But that means that the meaning of our own lives can only be determined by the people who come after us and tell their stories about us. If our own lives are to have meaning they must surely primarily have the meaning that we ourselves attribute to them.
No, it’s the other way round - I think. The broad point that I wish to make is that it is perfectly possible to account for the ultimate significance of Jesus’ death and resurrection for us today by telling a historical narrative about the existence the people of God – and that conversely, we are not restricted to existential, synchronic, or mythical narratives in order to define what it means to be Christian.
So to address your point, the meaning of my life is determined not by people who come after me but by events in my past and in the past of my culture: I am who I am to a large extent because of the girl friends I had, because of the exams I passed or failed, because of the sexual revolution of the 60s, because of the Second World War, because of the Reformation, because of the Magna Carta, and so on. That is not a narrative that I simply attribute to myself in order to make sense of my life - it is much more internal than that; it is something that I have absorbed culturally.

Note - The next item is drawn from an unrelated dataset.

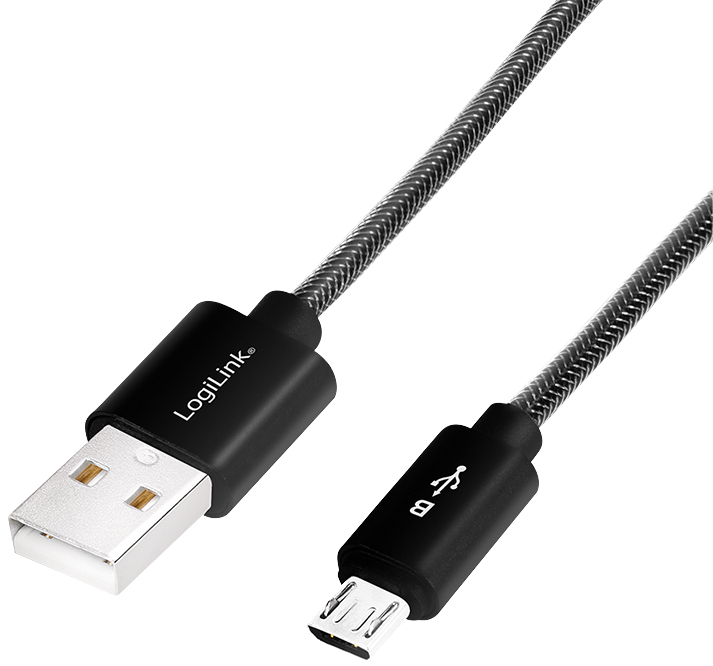 4052792050912 - LOGILINK CU0132 - Sync- & Ladekabel USB-A -> Micro-B Nylon schwarz grau 10 m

I think that might explain what you took to be a contradiction in what I was saying.
As Christians we ought to have shed that if we took “Take up his cross daily and follow me” seriously.

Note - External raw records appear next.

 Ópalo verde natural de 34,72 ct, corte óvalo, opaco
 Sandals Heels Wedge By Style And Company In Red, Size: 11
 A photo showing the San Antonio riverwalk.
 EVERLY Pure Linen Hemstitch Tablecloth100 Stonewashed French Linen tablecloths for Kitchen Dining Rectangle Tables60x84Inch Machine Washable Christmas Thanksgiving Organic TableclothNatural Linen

The issue here is that Jesus meant this more or less literally. We can only really mean it metaphorically. That is a significant shift in application, and it should be reflected in our reading of the New Testament narrative.

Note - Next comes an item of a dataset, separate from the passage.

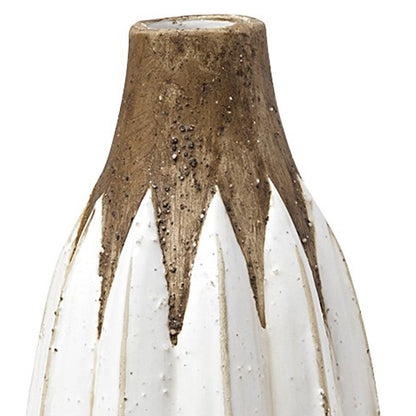 18" Brown And White Abstract Cylinder Ceramic Table Vase - Loft&Timber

I think I agree with your penultimate paragraph about extrapolating from history. I suppose my concern is that our theology has too easily collapsed the tension between the ‘myth’ and the historical ‘narrative’. I think that we are too firmly trapped in the traditional mythical paradigm to grasp the power of the historical narrative. There is a need to break out of that paradigm and allow our imaginations to re-engage with the stark historical narrative before we start constructing new communicable myths out of which to build community.
Re: The relevance to us of the Acts church...
I agree. Several different people have brought this concern up with Andrew—including myself. There is an overvaluation of the past at the expense of the present.
Jesus’ life, death and resurrection put into their historical context is a great and worthy task. It may elucidate the social and theological lives of people then, in the ancient world. But we are here today, in the late modern world. So, it seems the more relevant questions have to center on what Jesus’ life, death and resurrection mean to followers today. And it will have many varying meanings depending on the context in which it is articulated—be it suburban America or urban China or rural Africa.
Re: The relevance to us of the Acts church...
Here’s something I happened to be reading just now regarding the rapid diffusion of group-beneficial cultural traits:
The rapid spread of Christianity in the Roman Empire may provide an example of this process. Between the death of Christ and the rule of the emperor Constantine, a period of about 260 years, the number of Christians increased from only a handful to somewhere between six million and thirty million people (depending on whose estimate you accept). This sounds like a huge increase, but it turns out that it is the equivalent of a 3%-4% annual rise, about the growth rate of the Mormon Church over the last century. According to sociologist Rodney Stark [The Rise of Christianity, 1997], many Romans converted to Christianity because they were attracted to what they saw as a better quality of life. In pagan society the poor and sick often went without any help at all. In contrast, in the Christian community charity and mutual aid created ‘a miniature welfare state in an empire which for the most part lacked social services.’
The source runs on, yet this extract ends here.